Regeling vervallen per 01-01-2021

Verordening bedrijveninvesteringszone Bedrijventerrein Swalmen 2016-2020

Geldend van 01-01-2016 t/m 31-12-2020

Intitulé

Verordening bedrijveninvesteringszone Bedrijventerrein Swalmen 2016-2020

DE RAAD VAN DE GEMEENTE ROERMOND,

gezien het voorstel van het college van burgemeester en wethouders van 21 april 2015, raadsvoorstelnummer 2015/024/1;

gelet op artikel 1, eerste, derde en vierde lid, artikel 2, artikel 3, eerste lid, en artikel 7, eerste en vierde lid, van de Wet op Bedrijveninvesteringszones en de artikelen 220a, 220b, eerste lid, 220d, 220e en 220h van de Gemeentewet;

gezien de tussen de gemeente Roermond en de Stichting BIZ Swalmen gesloten Uitvoeringsovereenkomst van 21 april 2015 en het advies van de commissie Ruimte van 20 mei 2015

besluit :

vast te stellen deVerordening bedrijveninvesteringszone Bedrijventerrein Swalmen2016-2020(Verordening BI-zone Bedrijventerrein Swalmen 2016 - 2020)

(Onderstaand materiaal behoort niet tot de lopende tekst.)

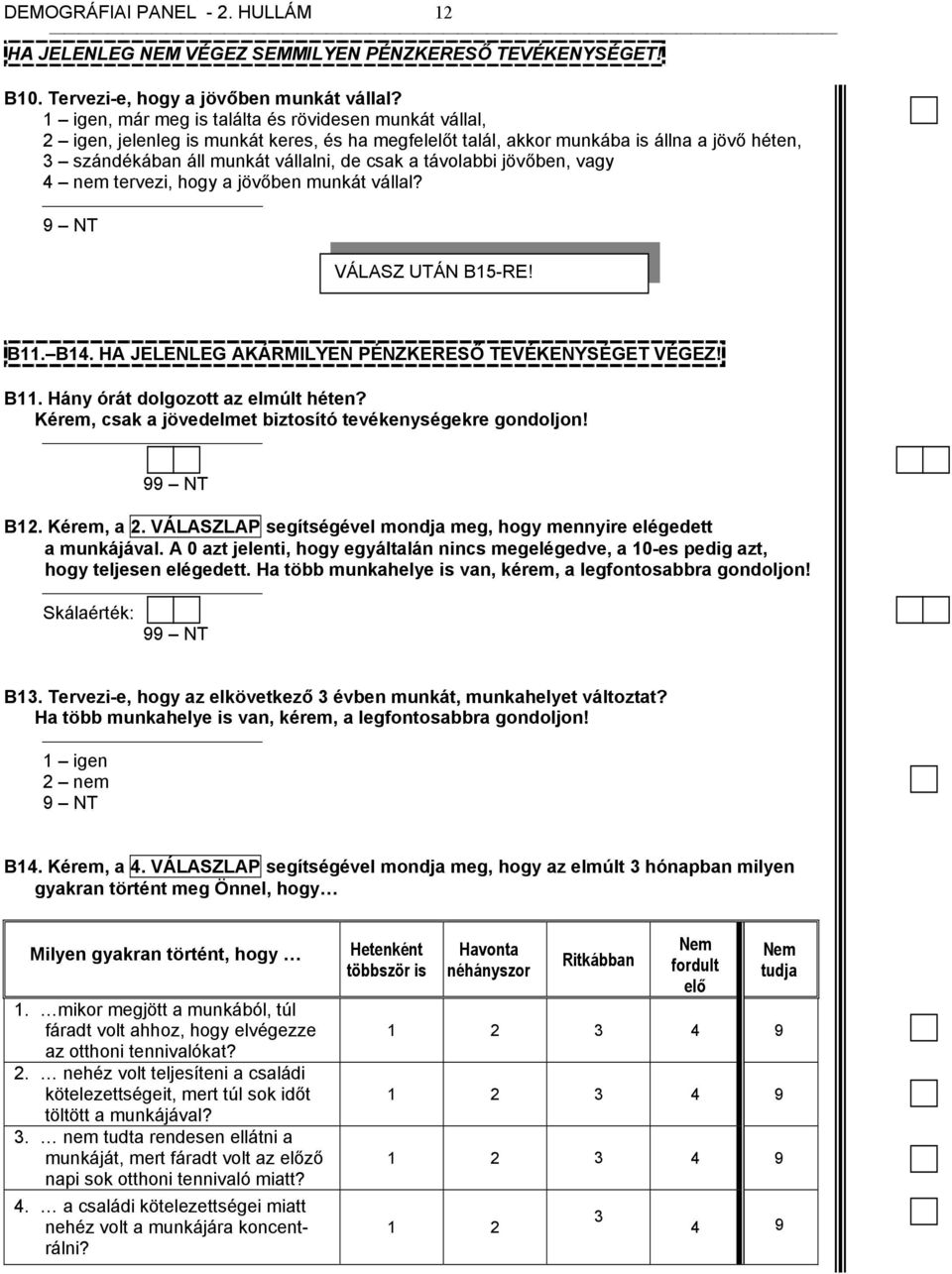 távolabbi jövőben, vagy 4 nem tervezi, hogy a jövőben munkát vállal? VÁLASZ UTÁN B15-RE! B11. B14. HA JELENLEG AKÁRMILYEN PÉNZKERESŐ TEVÉKENYSÉGET VÉGEZ! B11. Hány órát dolgozott az elmúlt héten?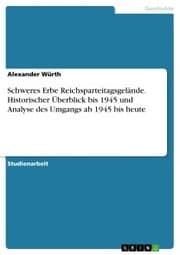 Cover von Schweres Erbe Reichsparteitagsgelände. Historischer Überblick bis 1945 und Analyse des Umgangs ab 1945 bis heute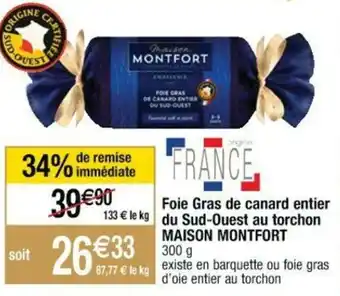 Cora x Carrefour Foie gras de canard entier du sud-ouest au torchon offre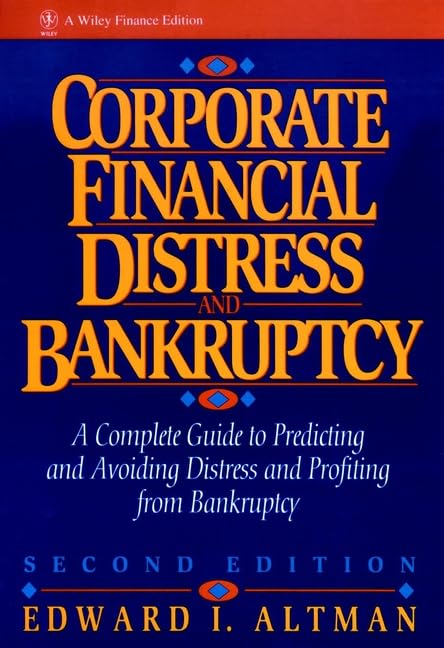 Corporate Financial Distress and Bankruptcy: A Complete Guide to Predicting & Avoiding Distress and Profiting from Bankruptcy (Wiley Finance)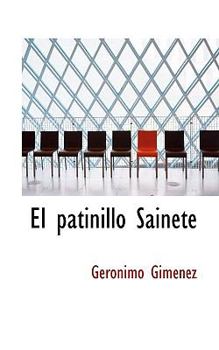 Paperback El patinillo Sainete [Spanish] Book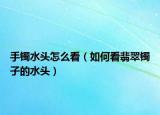 手镯水头怎么看（如何看翡翠镯子的水头）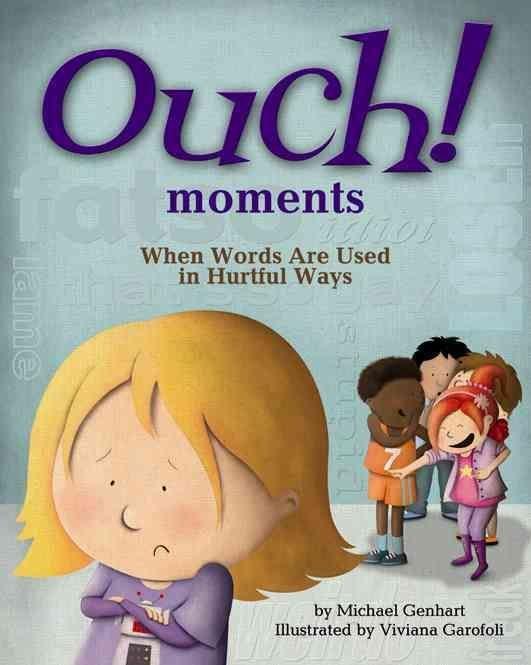 Ouch! Moments : When Words Are Used in Hurtful Ways (Hardcover)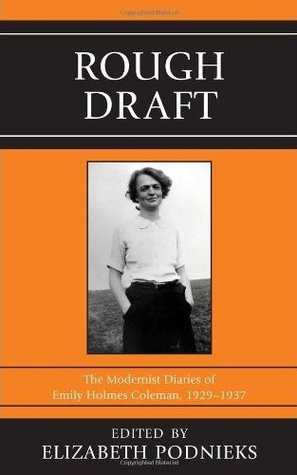 Rough Draft: The Modernist Diaries of Emily Holmes Coleman, 1929-1937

Hoofdstuk I Algemene bepalingen

Artikel 1 Begripsomschrijvingen

Deze verordening verstaat onder:

  • a.

    bedrijveninvesteringszone: het bij deze verordening aangewezen gebied in de gemeente waarbinnen de BIZ-bijdrage wordt geheven. Het aangewezen gebied staat aangegeven op de bij deze verordening behorende en daarvan deel uitmakende kaart (bijlage 1);

  • b.

    wet: Wet op de bedrijveninvesteringszones;

  • c.

    college: het college van burgemeester en wethouders;

  • d.

    uitvoeringsovereenkomst: de tussen de gemeente Roermond en Stichting BIZ Swalmen gesloten Uitvoeringsovereenkomst van 21 april 2015;

  • e.

    activiteitenplan: het plan waarin de activiteiten, zoals bedoeld in artikel 1 lid 2 van de wet, staan vermeld die de stichting namens de ondernemers zal uitvoeren.

Hoofdstuk II Belastingbepalingen

Artikel 2 belastbaar feit en aard van de belasting

  • 1. Onder de naam ‘BIZ-bijdrage’ wordt jaarlijks een directe belasting geheven ter zake van binnen de bedrijveninvesteringszone gelegen onroerende zaken die op grond van artikel 220a Gemeentewet niet in hoofdzaak tot woning dienen.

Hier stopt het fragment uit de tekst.